Additional information (depending on the issue)

OpenMPI version = 4.0.3 config.log

edofrederix avatar May 08 '20 17:05 edofrederix

@edofrederix which UCX version are you using? can you pls try with following patch + set UCX_UD_RX_INLINE=0?

diff --git a/src/uct/ib/ud/base/ud_iface.c b/src/uct/ib/ud/base/ud_iface.c
index e666b0b..126ed08 100644
--- a/src/uct/ib/ud/base/ud_iface.c
+++ b/src/uct/ib/ud/base/ud_iface.c
@@ -267,8 +267,7 @@ uct_ud_iface_create_qp(uct_ud_iface_t *self, const uct_ud_iface_config_t *config
     qp_init_attr.cap.max_recv_wr     = config->super.rx.queue_len;
     qp_init_attr.cap.max_send_sge    = 2;
     qp_init_attr.cap.max_recv_sge    = 1;
-    qp_init_attr.cap.max_inline_data = ucs_max(config->super.tx.min_inline,
-                                               UCT_UD_MIN_INLINE);
+    qp_init_attr.cap.max_inline_data = config->super.tx.min_inline;
 
     status = ops->create_qp(&self->super, &qp_init_attr, &self->qp);

yosefe avatar May 08 '20 17:05 yosefe

UCX-1.8.0, and I also tried with the latest master.

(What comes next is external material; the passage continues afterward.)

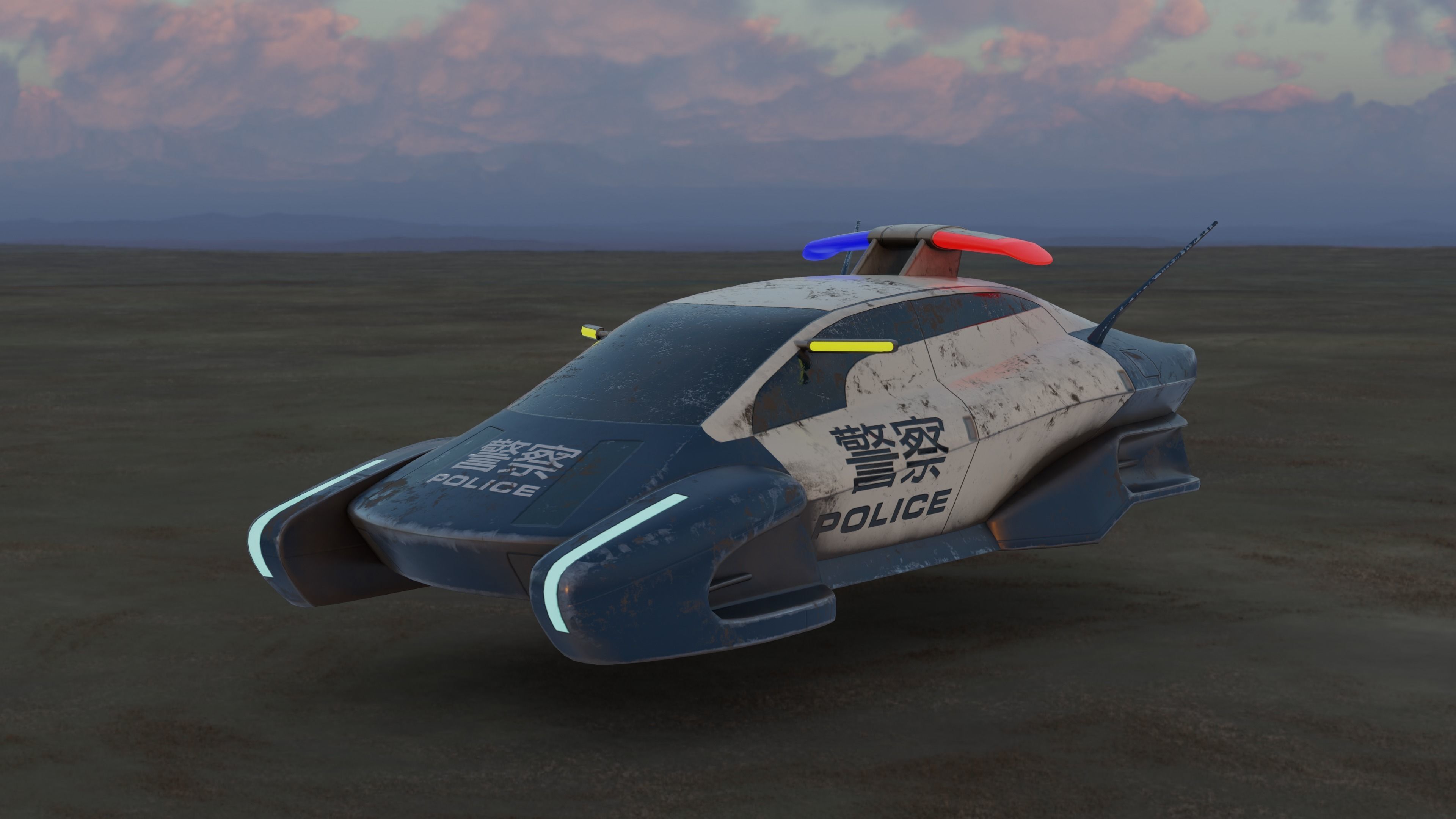 Futuristic police car Low-poly 3D model_15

Thanks for the suggestion. I applied your patch. Doesn't change anything though, I get the same error.

Not sure how to set UCX_UD_RX_INLINE though -- cannot find any documentation about that variable. I did set UCT_UD_MIN_INLINE to zero , in src/uct/ib/ud/base/ud_def.h. Doesn't make a difference. Its only occurrence is in an assert anyway. Can you give a hint on how to set UCX_UD_RX_INLINE?

edofrederix avatar May 08 '20 19:05 edofrederix

Very similar error with UCX-1.4.0 btw:

[qelr_create_cq:258]create cq: failed with rc = 22
[1588966463.076804] [hostname:2107996:0]       ib_iface.c:472  UCX  ERROR ibv_create_cq(cqe=4096) failed: Invalid argument

edofrederix avatar May 08 '20 19:05 edofrederix

Not sure how to set UCX_UD_RX_INLINE though -- cannot find any documentation about that variable

Sorry, this is an environment variable. Need to set it to 0, along with applying the patch above

yosefe avatar May 08 '20 20:05 yosefe

Same thing

# printenv | grep UCX
UCX_ROOT=/software/ucx/1.8.0
UCX_DIR=/software/ucx/1.8.0
UCX_HOME=/software/ucx/1.8.0
UCX_UD_RX_INLINE=0

is my UCX-related environment. Still I get:

[qelr_create_qp:679]create qp: failed on ibv_cmd_create_qp with 22
[1588969380.594241] [hostname:17141:0]       ib_iface.c:623  UCX  ERROR iface=0x729c40: failed to create UD QP TX wr:256 sge:2 inl:64 RX wr:4096 sge:1 inl 0: Invalid argument

Btw, to make things more confusing: the error from 1.4.0 was actually on a different machine. It has the same hardware but some different configurations.. On the original machine with 1.4.0 when doing ucx_info -d I get:

[qelr_create_qp:679]create qp: failed on ibv_cmd_create_qp with 22
[1588969380.594241] [hostname:17141:0]       ib_iface.c:623  UCX  ERROR iface=0x729c40: failed to create UD QP TX wr:256 sge:2 inl:64 RX wr:4096 sge:1 inl 0: Invalid argument

edofrederix avatar May 08 '20 20:05 edofrederix

@edofrederix can you pls provide the output of ibv_devinfo -vv?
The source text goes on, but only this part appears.